Effect of Shear Produced by Pipe Fittings on the Drop Size Distributions in Turbulent Flow of Kerosene/Water Mixtures

Author:

Amer EL-Hamouz 

This research paper investigates the effect of shear forces produced by various pipe fittings on the drop size distributions of turbulent kerosene-water mixtures. By utilizing a static mixer and a laser diffraction analyzer, the study demonstrates that the Sauter mean diameter decreases with increased energy dissipation and fluid velocity until a dynamic equilibrium is reached.
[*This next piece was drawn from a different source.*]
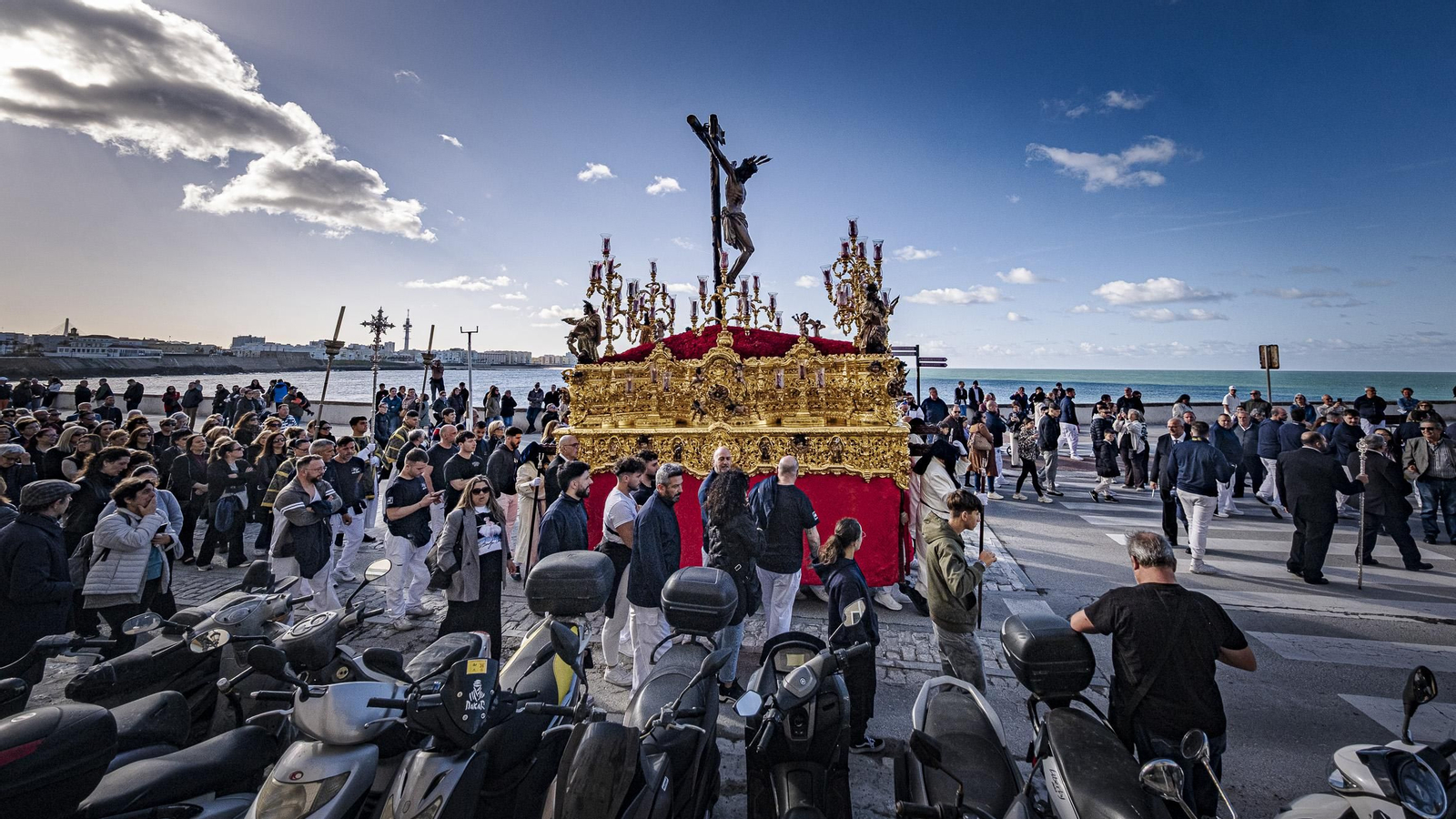 Las imágenes del traslado de La Palma a su templo después de refugiarse en Catedral por la lluvia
The findings provide empirical correlations between drop size, Weber number, and energy dissipation rates, offering practical data for the design of industrial oil-water separators.

Key Learnings

• Impact of Pipe Fittings: Shear forces generated by different pipe geometries—such as U-shaped, offset, and horizontal fittings—significantly influence the drop size distribution of kerosene/water mixtures in turbulent flow.
• Equilibrium Drop Size: The Sauter mean diameter (d₃₂) decreases as the number of static mixer elements or fluid velocity increases, eventually reaching a dynamic equilibrium where the rates of drop breakup and coalescence are balanced.
• Energy Dissipation and Weber Number: Experimental data confirms that drop size is inversely correlated with the energy dissipation rate (ε) and the Weber number (W e), with exponents slightly higher than those predicted by Kolmogoroff’s theory due to non-isotropic turbulence.
• Static Mixer Efficiency: Increasing the number of internal mixer elements from 4 to 18 effectively preconditioned the dispersion, producing mean drop sizes ranging from 50 to 700 μm depending on the flow rate.
• Velocity as a Variable: Higher fluid velocities result in higher pressure drops and faster energy dissipation, which leads to finer equilibrium dispersions and shorter residence times required to reach a stable drop size.
• Separation Design: Understanding these dispersion properties and the resulting correlations is essential for the accurate design and optimization of industrial oil-water separators.